_Work instruction:_ Write out the data exactly from its first line onward, ending with the line in which "Property photo 2 of 21" appears.
##### Input data
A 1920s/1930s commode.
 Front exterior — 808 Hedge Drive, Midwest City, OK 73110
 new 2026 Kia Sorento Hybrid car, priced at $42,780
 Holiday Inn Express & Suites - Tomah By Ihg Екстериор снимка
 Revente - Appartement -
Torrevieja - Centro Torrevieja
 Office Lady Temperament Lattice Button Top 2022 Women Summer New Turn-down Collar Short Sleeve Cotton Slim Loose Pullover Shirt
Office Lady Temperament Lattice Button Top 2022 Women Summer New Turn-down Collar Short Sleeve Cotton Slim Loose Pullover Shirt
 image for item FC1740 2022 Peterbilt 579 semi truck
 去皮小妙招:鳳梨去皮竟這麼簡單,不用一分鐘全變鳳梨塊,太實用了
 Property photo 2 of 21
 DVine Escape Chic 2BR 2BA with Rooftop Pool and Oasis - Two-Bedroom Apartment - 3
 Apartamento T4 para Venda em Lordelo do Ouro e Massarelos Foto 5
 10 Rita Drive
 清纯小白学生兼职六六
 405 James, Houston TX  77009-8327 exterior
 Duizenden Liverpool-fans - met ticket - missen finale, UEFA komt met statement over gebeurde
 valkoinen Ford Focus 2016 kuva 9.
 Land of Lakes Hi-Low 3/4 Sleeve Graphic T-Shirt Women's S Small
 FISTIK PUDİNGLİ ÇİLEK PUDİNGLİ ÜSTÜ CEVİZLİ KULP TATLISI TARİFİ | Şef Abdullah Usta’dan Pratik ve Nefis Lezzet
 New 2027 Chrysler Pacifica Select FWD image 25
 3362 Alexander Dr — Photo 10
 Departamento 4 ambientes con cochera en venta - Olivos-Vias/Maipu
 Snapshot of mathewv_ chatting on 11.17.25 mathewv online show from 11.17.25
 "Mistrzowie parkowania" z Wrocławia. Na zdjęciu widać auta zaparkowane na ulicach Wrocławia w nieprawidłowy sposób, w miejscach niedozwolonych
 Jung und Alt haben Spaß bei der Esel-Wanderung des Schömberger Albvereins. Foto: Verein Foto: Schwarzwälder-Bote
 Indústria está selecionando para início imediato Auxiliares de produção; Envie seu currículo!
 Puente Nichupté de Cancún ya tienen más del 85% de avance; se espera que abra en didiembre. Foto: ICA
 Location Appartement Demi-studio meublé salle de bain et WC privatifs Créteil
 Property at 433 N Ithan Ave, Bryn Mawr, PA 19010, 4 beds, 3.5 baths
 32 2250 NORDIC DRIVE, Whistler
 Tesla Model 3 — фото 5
##########
_Solved problem:_
A 1920s/1930s commode.
 Front exterior — 808 Hedge Drive, Midwest City, OK 73110
 new 2026 Kia Sorento Hybrid car, priced at $42,780
 Holiday Inn Express & Suites - Tomah By Ihg Екстериор снимка
 Revente - Appartement -
Torrevieja - Centro Torrevieja
 Office Lady Temperament Lattice Button Top 2022 Women Summer New Turn-down Collar Short Sleeve Cotton Slim Loose Pullover Shirt
Office Lady Temperament Lattice Button Top 2022 Women Summer New Turn-down Collar Short Sleeve Cotton Slim Loose Pullover Shirt
 image for item FC1740 2022 Peterbilt 579 semi truck
 去皮小妙招:鳳梨去皮竟這麼簡單,不用一分鐘全變鳳梨塊,太實用了
 Property photo 2 of 21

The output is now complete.